▶ **What is expected**: Would you repeat the entries below exactly and omit the pictures?

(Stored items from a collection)

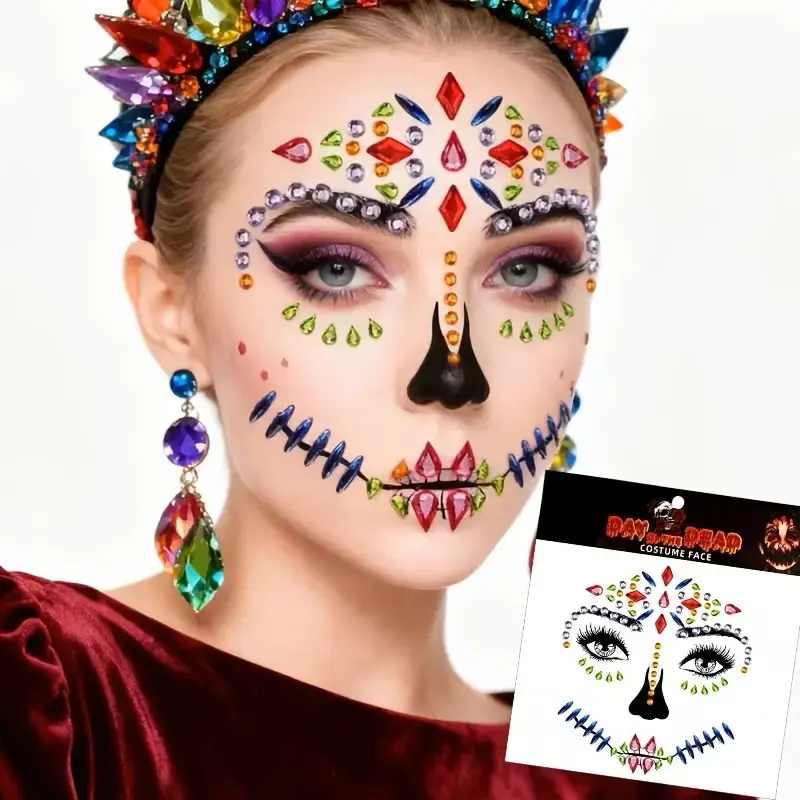 1pc Synthetic Gem, Gothic Punk Design, Halloween Carnival Makeup, Easy Application Removal, Theme Party Daily Wear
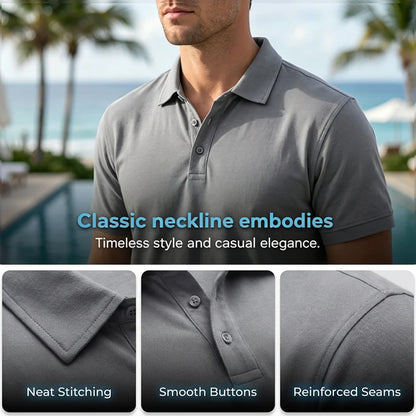 Men’s Linen-Blend Polo Shirt and Shorts Set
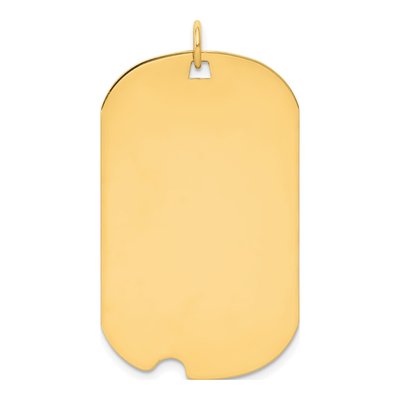 14K Yellow Gold Dog Tag Pendant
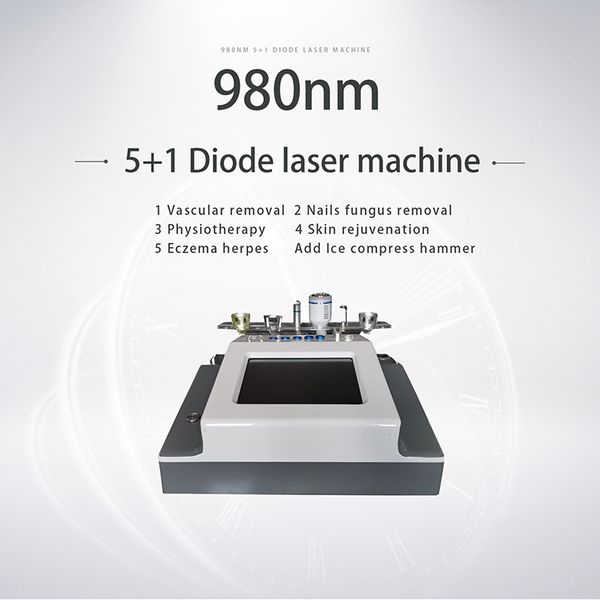 

advanced technology 5 in1 spider vein removal skin rejuvenation machine 980nm diode laser physiotherapy treatment ce certification, Black
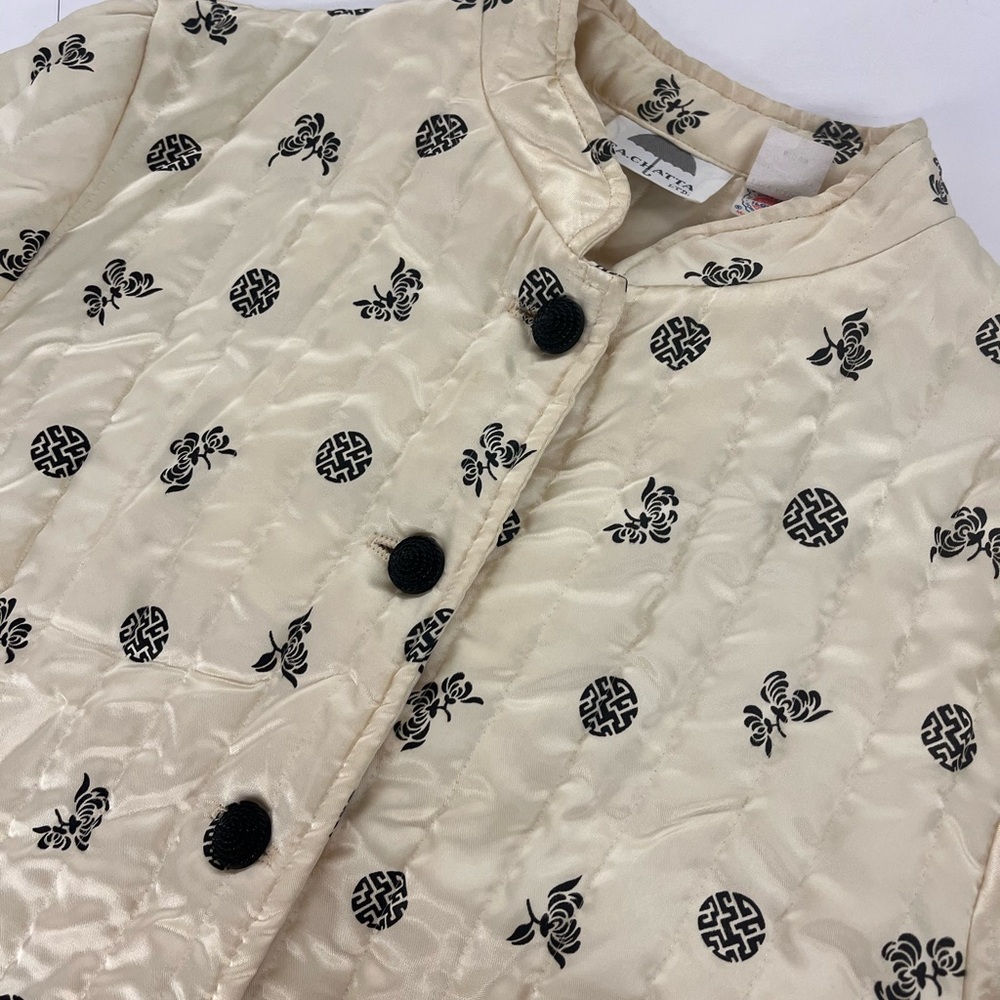 Vintage F.A. Chatta mandarin collar satin jacket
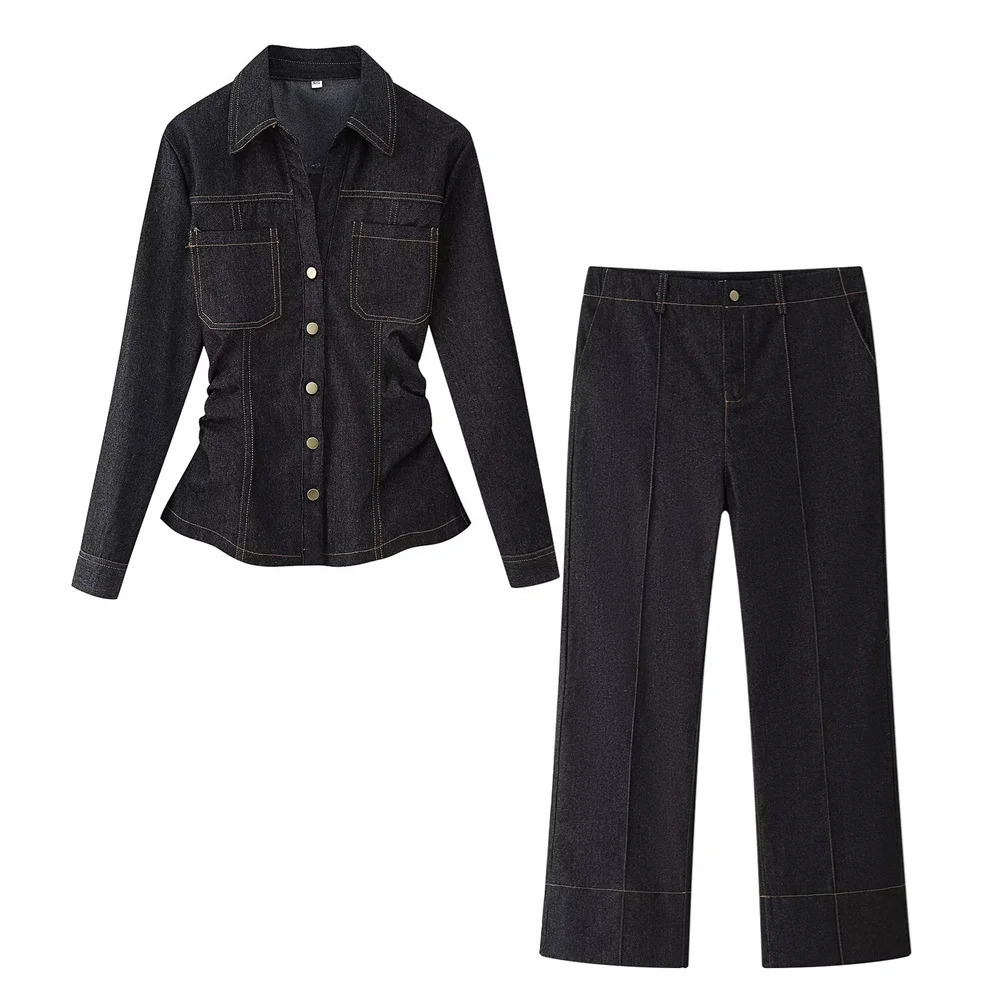 UNIZERA Womens Slim fit Long sleeved Collar Shirt with Shining Jeans Set Suitable for Spring Clothing 250407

▶ **Result for this task**:
 1pc Synthetic Gem, Gothic Punk Design, Halloween Carnival Makeup, Easy Application Removal, Theme Party Daily Wear
 Men’s Linen-Blend Polo Shirt and Shorts Set
 14K Yellow Gold Dog Tag Pendant

advanced technology 5 in1 spider vein removal skin rejuvenation machine 980nm diode laser physiotherapy treatment ce certification, Black
 Vintage F.A. Chatta mandarin collar satin jacket
 UNIZERA Womens Slim fit Long sleeved Collar Shirt with Shining Jeans Set Suitable for Spring Clothing 250407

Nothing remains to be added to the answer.